§ Task goal:
What lines below contain the string "block"? List them all.

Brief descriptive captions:

——————————

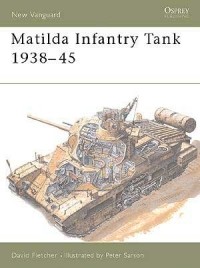 Дэвид Флетчер - Matilda Infantry Tank 1938–45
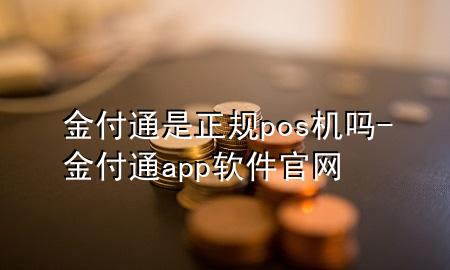 金付通是正规pos机吗-金付通app软件官网
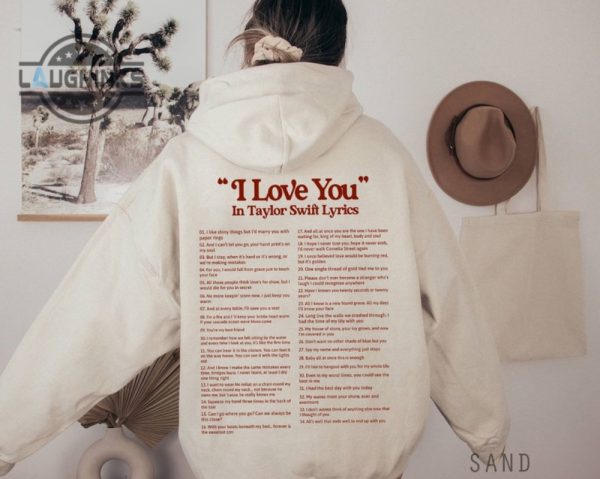 i love you in taylor lyrics hoodie swifties merch shirt swiftie gifts different ways say i love you in lyrics hoodie mens womens tshirt sweatshirt hoodie laughinks 1 1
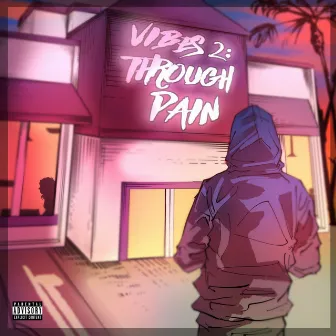 Vibes 2: Through Pain by Luminus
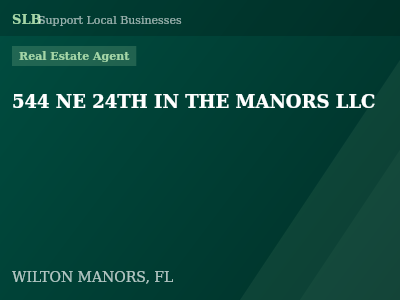 544 NE 24TH IN THE MANORS LLC — Real Estate Agent in WILTON MANORS, FL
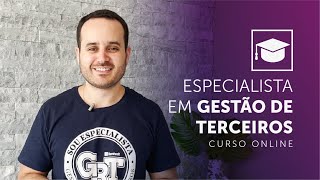 Seja um especialista em gestão de terceiros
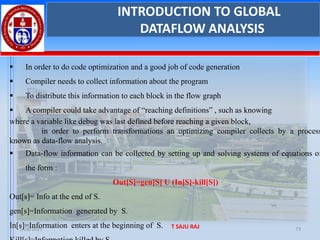 1/28/2025 T SAJU RAJ 73
INTRODUCTION TO GLOBAL
DATAFLOW ANALYSIS
▪ In order to do code optimization and a good job of code generation
▪ Compiler needs to collect information about the program
▪ To distribute this information to each block in the flow graph
▪ A compiler could take advantage of “reaching definitions” , such as knowing
where a variable like debug was last defined before reaching a given block,
in order to perform transformations an optimizing compiler collects by a process
known as data-flow analysis.
▪ Data-flow information can be collected by setting up and solving systems of equations of
the form :
Out[S]=gen[S] U (In[S]-kill[S])
Out[s]= Info at the end of S.
gen[s]=Information generated by S.
In[s]=Information enters at the beginning of S.
 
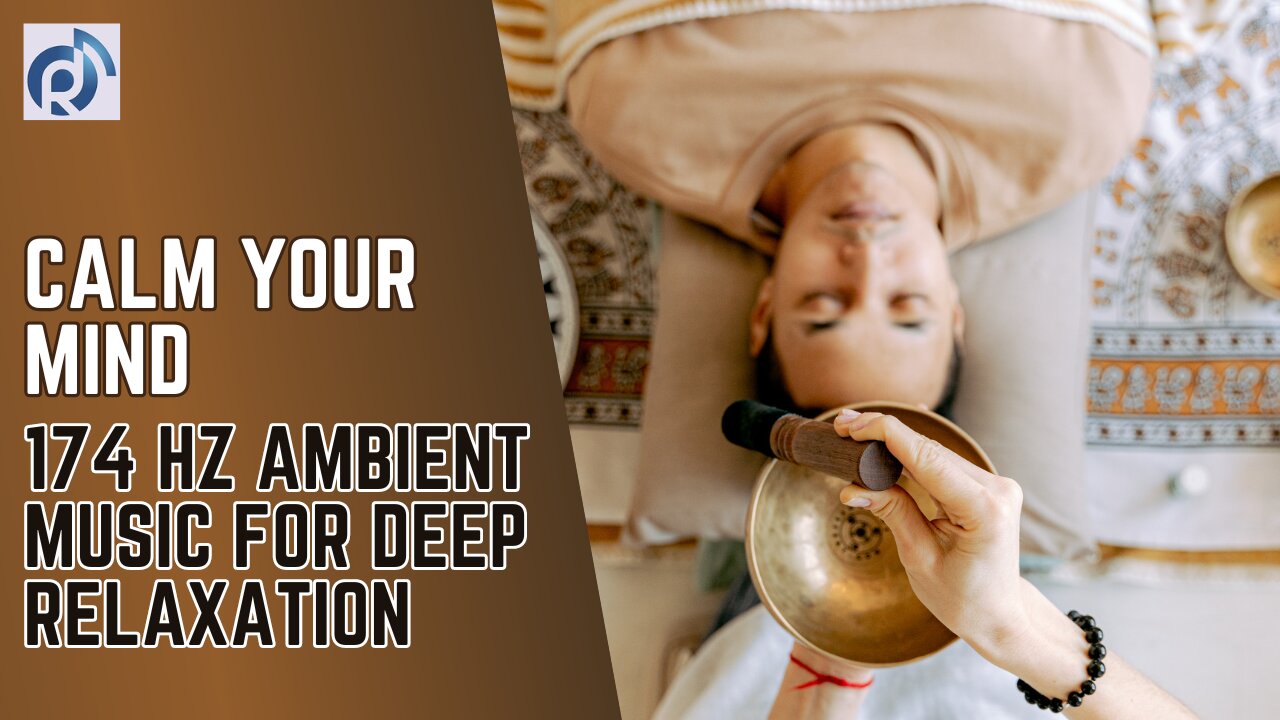 Calm Your Mind: 174 Hz Ambient Music for Deep Relaxation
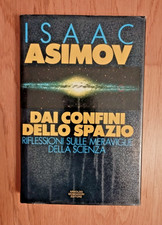DAI CONFINI DELLO SPAZIO | Isaac Asimov - Mondadori 1993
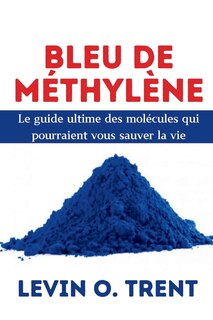 Bleu de méthylène: Le guide ultime des molécules qui pourraient vous sauver la vie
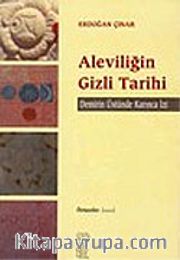 Aleviliğin Gizli Tarihi / Demirin Üstünde Karınca İzi (karton kapak)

——————————

§ Response to this task:
▪ To distribute this information to each block in the flow graph
where a variable like debug was last defined before reaching a given block,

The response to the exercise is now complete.